■ **Task statement**: In the data below, reproduce everything exactly except the images.

■ **Data shown**:
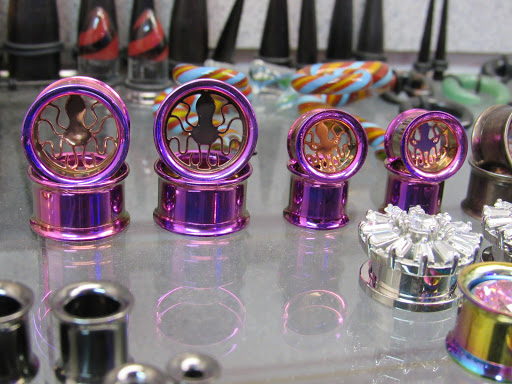 Explore pretty flower tattoo ideas, creative tattoo ideas in Sarasota, available at Z-Edge Tattoo and Body Piercing North Shop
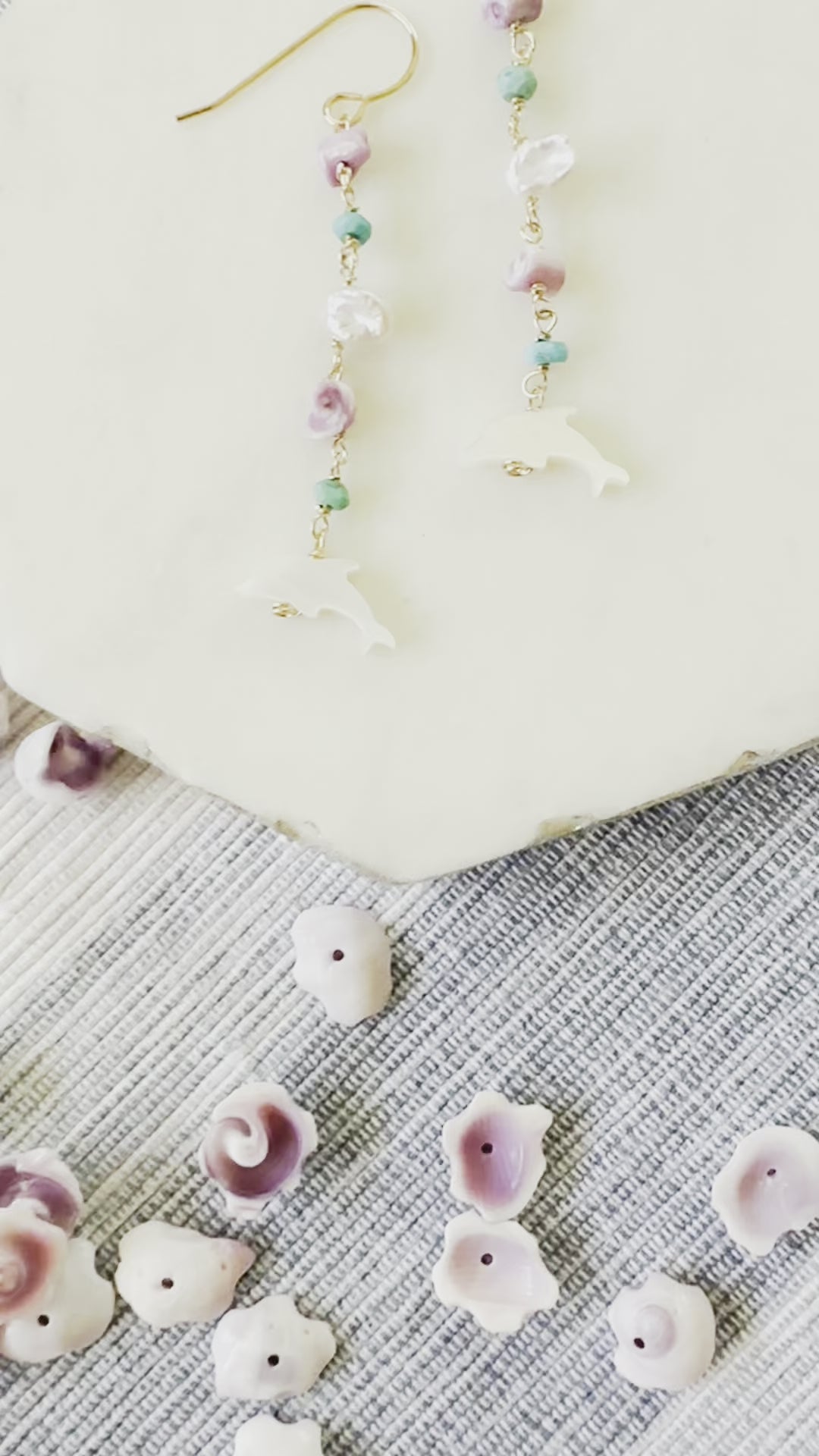 Load video: Dolphin Shell Earrings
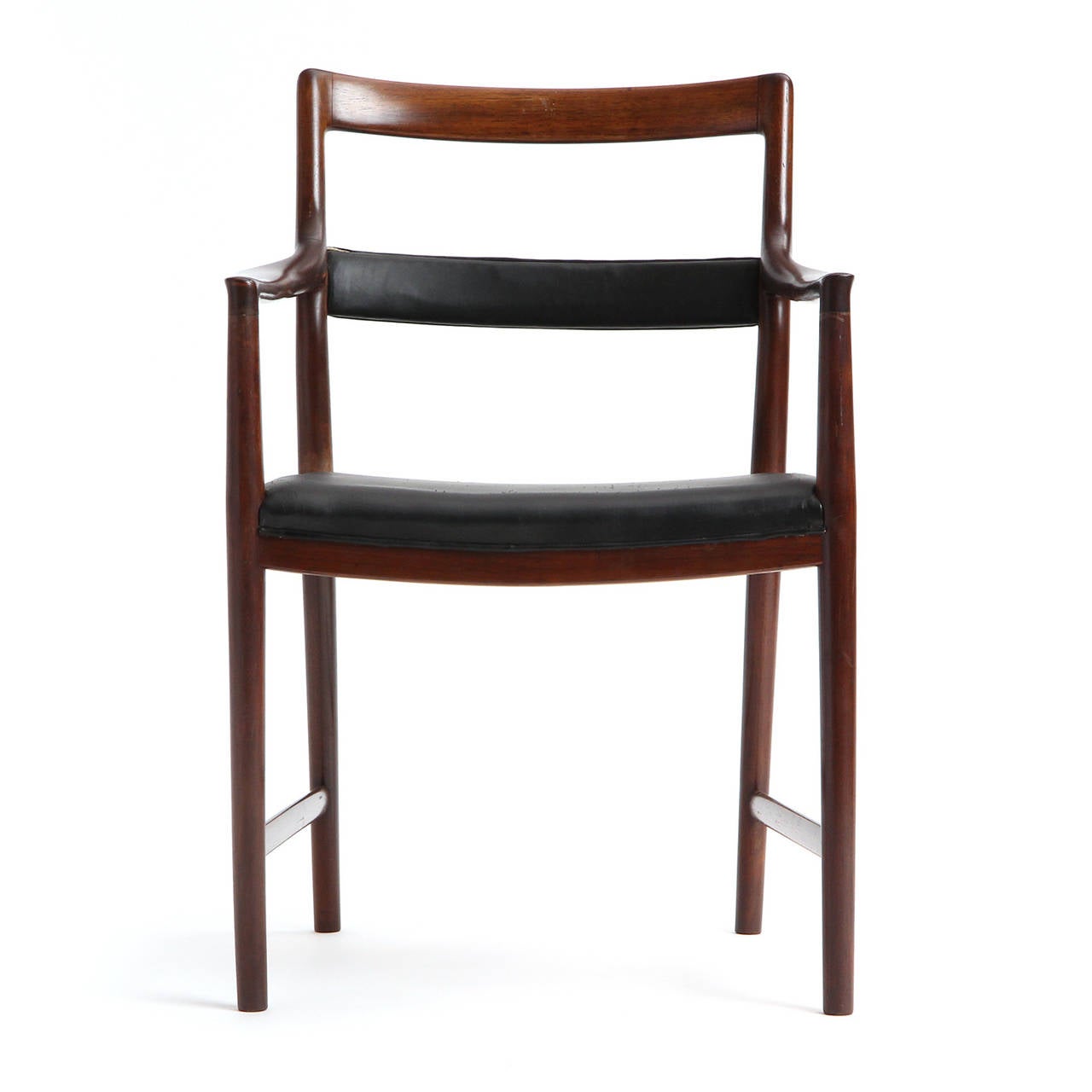 A fine, sculptural and spare group of ladder back dining chairs having luminous Brazilian rosewood frames with black leather seats and expressive leather-wrapped center slats.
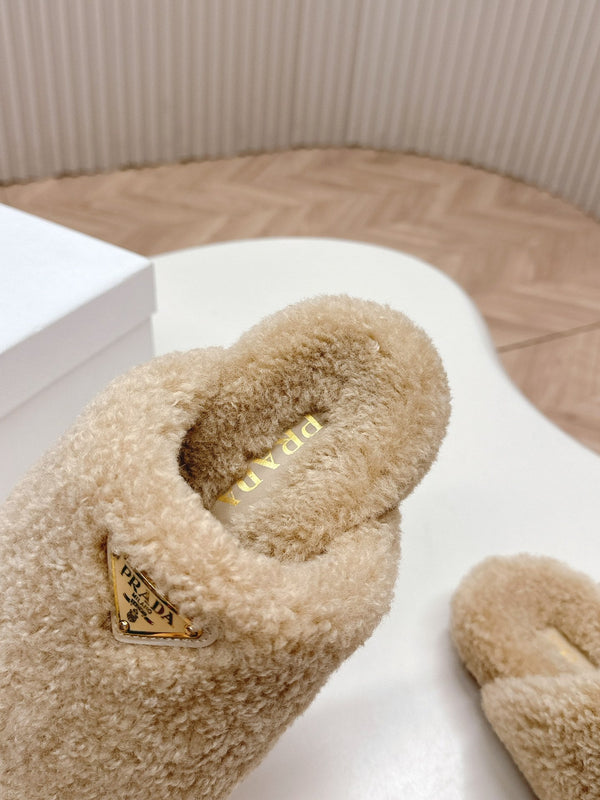 MULES CON LOGO TRIANGOLARE ATTACCATO IN SHEARLING BEIGE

■ **Solution to this task**:
 Explore pretty flower tattoo ideas, creative tattoo ideas in Sarasota, available at Z-Edge Tattoo and Body Piercing North Shop
 Load video: Dolphin Shell Earrings
 A fine, sculptural and spare group of ladder back dining chairs having luminous Brazilian rosewood frames with black leather seats and expressive leather-wrapped center slats.
 MULES CON LOGO TRIANGOLARE ATTACCATO IN SHEARLING BEIGE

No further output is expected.